Not good enough for the
man who calls himself Zero?  Then check out the new Recoil Rod.  It’ll send
enemies flying!  The Shield Boomerang is a good defense weapon, taking care of
those pesky energy bullets.

Counting only the
gameplay features mentioned Mega Man Zero 3 is an action game that’s slightly
above average.  Not the best in the series, but definitely worth owning.

There’s just one problem:
the developers wanted to cross this game with an RPG. 

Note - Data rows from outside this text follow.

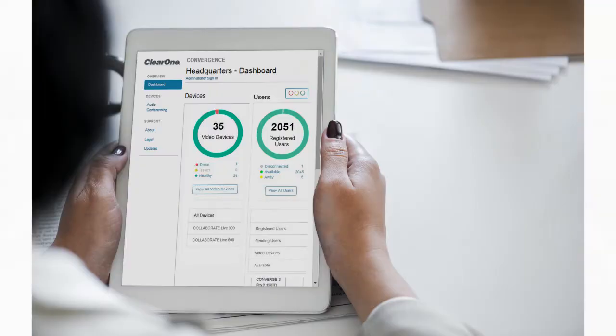Convergence Software is a unified AV network management platform designed to monitor, control, and audit ClearOne Pro Audio and Video products and services. Remote real-time access provides at-a-glance and all-inclusive dashboard views with unlimited scalability, designed to support organizations of any size.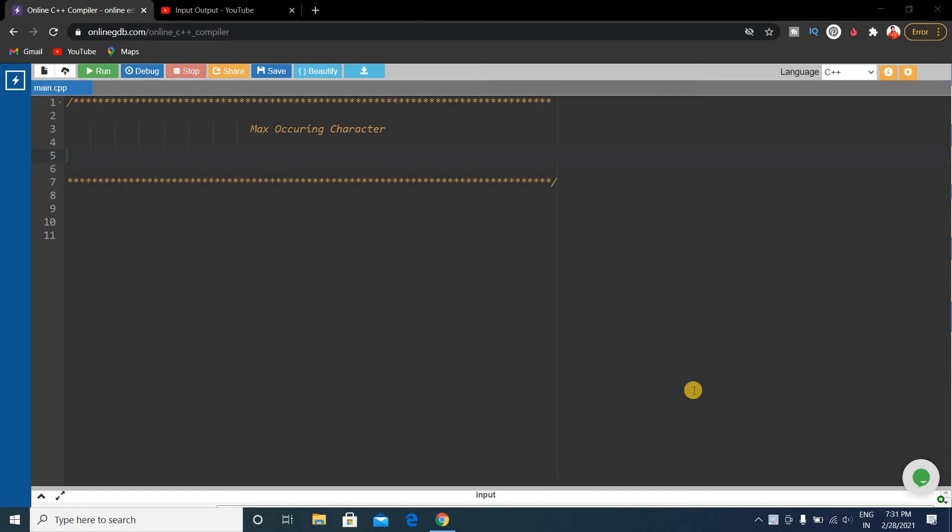Hello friends, welcome to Input Output YouTube channel. Today we will discuss a new problem which is max occurring character. This question was asked in Nagarro coding test.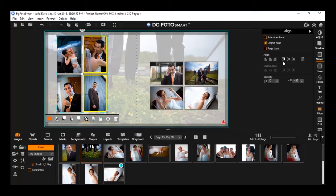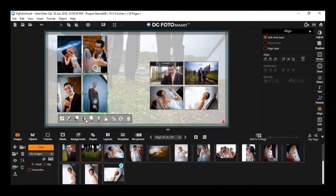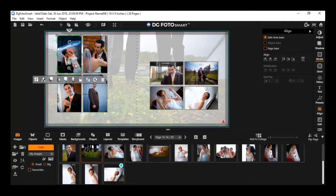You can see the objects get aligned with precise spacing applied as per the last object selected. To unlink a linked object, simply click on the Unlink option in the Image Content toolbar.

The art isn’t bad, but the
story is as dull as they come.

 

The story is terribly
written and is utterly pointless.  RPG purists will laugh at its execution – not
because it’s good, but because of how bad it is.  That said, you don’t buy an
action/adventure for its great writing, but Mega Man Zero 3 doesn’t allow you to
skip any of the story segments.  How can you enjoy the gameplay when you have to
wait several minutes to get to it?

This isn’t being promoted
as an RPG, but that didn’t stop the developers from making you talk to dozens of
characters to find items and clues as to what to do next.  That’s not what
gamers want from a game like this.  When we play Mega Man we want action.  If I
want to spend ten minutes talking to NPCs (non-playable characters) in a
futuristic complex, I’ll go play Xenogears or Xenosaga.

The big question is: is
this enough to make you not want this game?  First you have to ask yourself why
you wanted it in the first place.  Newcomers should steer clear of it.  If you
own and love Mega Man Zero 1 and 2, the third game will only disappoint and
frustrate as far as the story goes.  The rest will be right up your alley.


Review Scoring Details

for Mega Man Zero 3

Gameplay: 7.4
Mega Man Zero 3
is predictable in its gameplay.  This is good because you know what you’re
getting without even having to read a review.

The short levels,
enormously goofy bosses, and the typical scenarios are just what the Mega Man
fan ordered.  The game is super-sized with new weapons and character actions.  I
hope you like cheese because you can’t get it without.  The story might churn
your stomach at the end of the day, but the boss fights will help sooth the
pain, working faster than a bottle of pink medicine.

Graphics: 7.9
Decent.  Mega Man
Zero 3 looks like the higher-quality SNES games.  Pretty colors, cartoony
attacks, and several robots that look really good on everyone’s favorite small
screen.

Sound: 7
Somewhat
entertaining, somewhat repetitive.  The soundtrack sounds like it was written
10+ years ago.


Difficulty: Medium
There are some of
you that are going to think this is a really hard game, while others will think
it’s really easy.  Mega Man loyalists: step right up and beat it quickly.  You
should have no trouble completing it if you’ve beaten Metal Slug X or Metal Slug
3, two shooters with a much higher difficulty level.

Concept: 7
Same episode, new
season.


Multiplayer: 7

Overall: 7.2
As damaging as
the story is, remember that Mega Man Zero 3 wouldn’t score much higher without
it.  This is a good game if you love the Mega Man Zero series.  This may not be
a great game for people who love Mega Man Battle Network or Mega Man Legends. 
Those games are very different from the Zero series.